Repeat the following data exactly, omitting pictures.

*Exercise data*

※ ※ ※

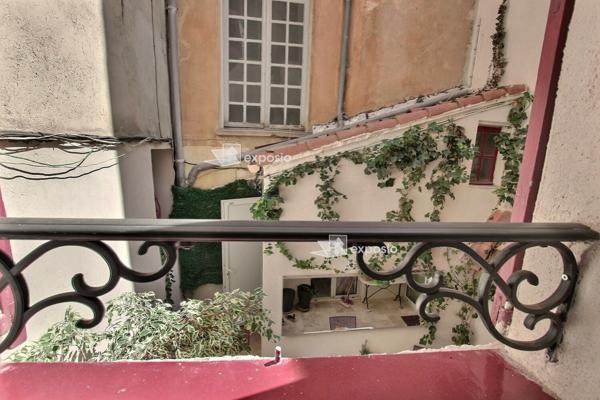 Aix-en-Provence (13100) lot de 3 studios sur le cours Mirabeau
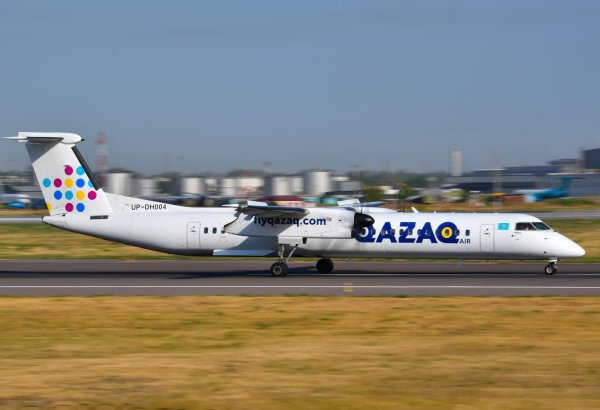 Qazaq Air rolls out Astana-Samarkand flights with stop-over in Turkestan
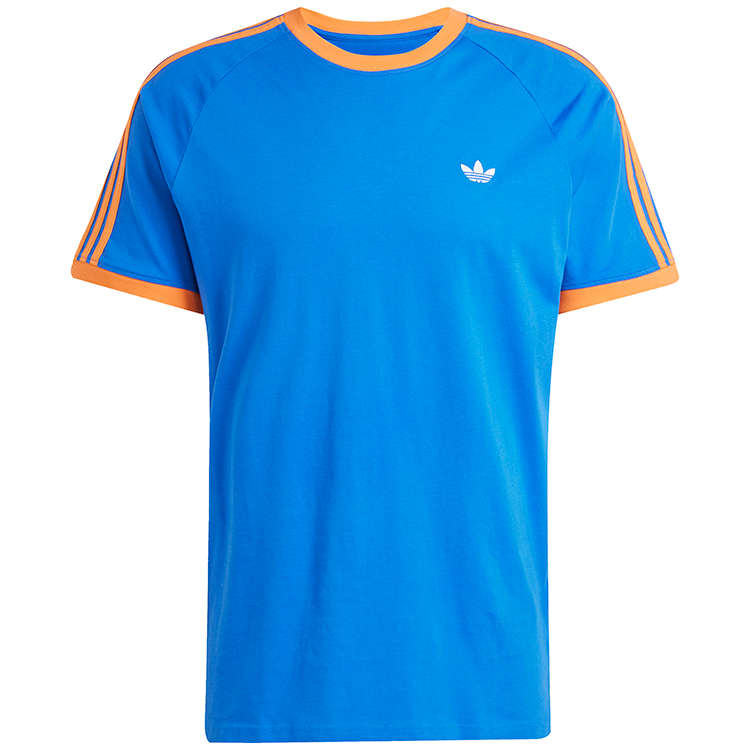 Футболка мужская Adidas Q2 MONOGRAM CAL XXS Синий photo 1 Футболка мужская Adidas Q2 MONOGRAM CAL XXS Синий photo 1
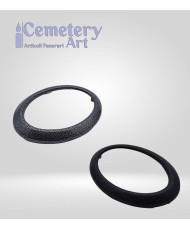 Cornice ovale 11x15 in...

※ ※ ※

*Exercise output*
 Aix-en-Provence (13100) lot de 3 studios sur le cours Mirabeau
 Qazaq Air rolls out Astana-Samarkand flights with stop-over in Turkestan
 Футболка мужская Adidas Q2 MONOGRAM CAL XXS Синий photo 1 Футболка мужская Adidas Q2 MONOGRAM CAL XXS Синий photo 1
 Cornice ovale 11x15 in...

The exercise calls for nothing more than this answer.